Por incrível que pareça, José Alvares Maciel fez uma outra amizade na sua volta ao Brasil. Ninguém menos do que Luís Antônio Furtado de Castro do Rio Mendonça e Faro ou simplesmente Visconde de Barbacena, o novo governador das Minas Gerais. Nobre, formado em Coimbra e especialista em mineralogia, Barbacena viu em Maciel um homem culto e que poderia ajudá-lo em seu governo. As instruções dadas ao novo governador por Martinho de Melo e Castro, Secretário da Marinha e dos Domínios Ultramarinos de Portugal eram claras no sentido de dar prioridade à economia e ao aspecto fiscal (impostos). O Governo Português considerava que as gestões anteriores haviam negligenciado os interesses da metrópole. A Derrama (cobrança dos impostos do ouro em atraso) era peça importante da política de Barbacena, que assumiu em 11 de julho de 1788.
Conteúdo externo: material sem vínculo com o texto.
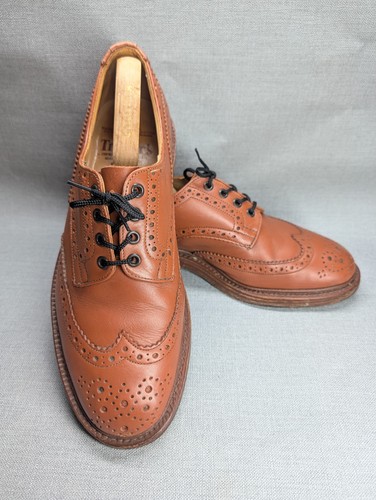 Tricker herren country brogue - herren,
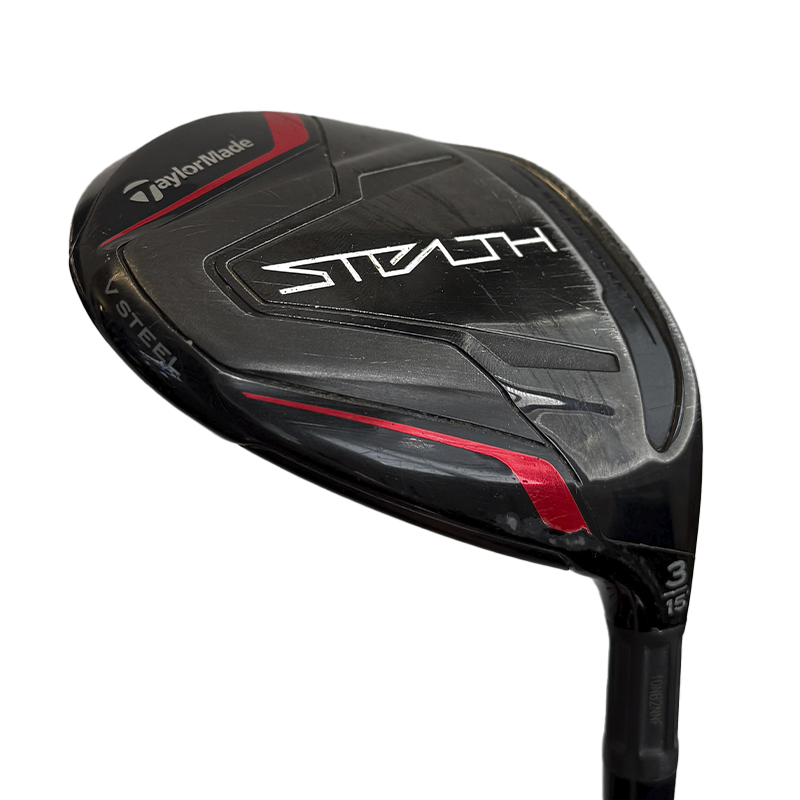 TaylorMade STEALTH Fairway Wood 3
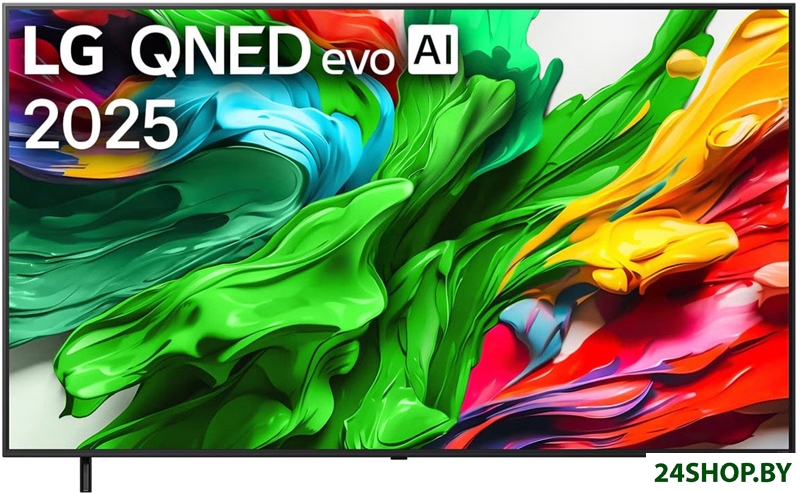 MiniLED телевизор LG QNED evo AI QNED86 75QNED86A6A MiniLED телевизор LG QNED evo AI QNED86 75QNED86A6A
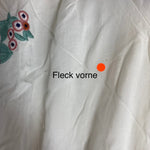 B-WARE DREIMASTER DAMEN KLEID Gr. L Farbe Wollweiss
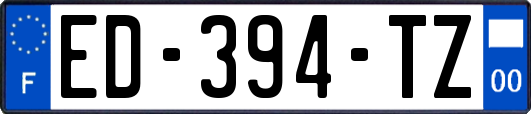 ED-394-TZ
Cunha Menezes foi o alvo principal dos "disparos literários" de Gonzaga na obra Cartas Chilenas divulgadas de forma anônima na capitania das Minas em 1789. Sob o pseudônimo de Critilo, Gonzaga não poupa o governador Menezes, chamado de Fanfarrão Minésio, acusando o mesmo de ser corrupto, vendedor de cargos e de até promover orgias no palácio com "mocetonas, mariolas, michelas, donzelinhas". Coube a Cunha Menezes a construção do prédio da Câmara e cadeia de Vila Rica (na foto acima o prédio, hoje Museu da Inconfidência em Ouro Preto).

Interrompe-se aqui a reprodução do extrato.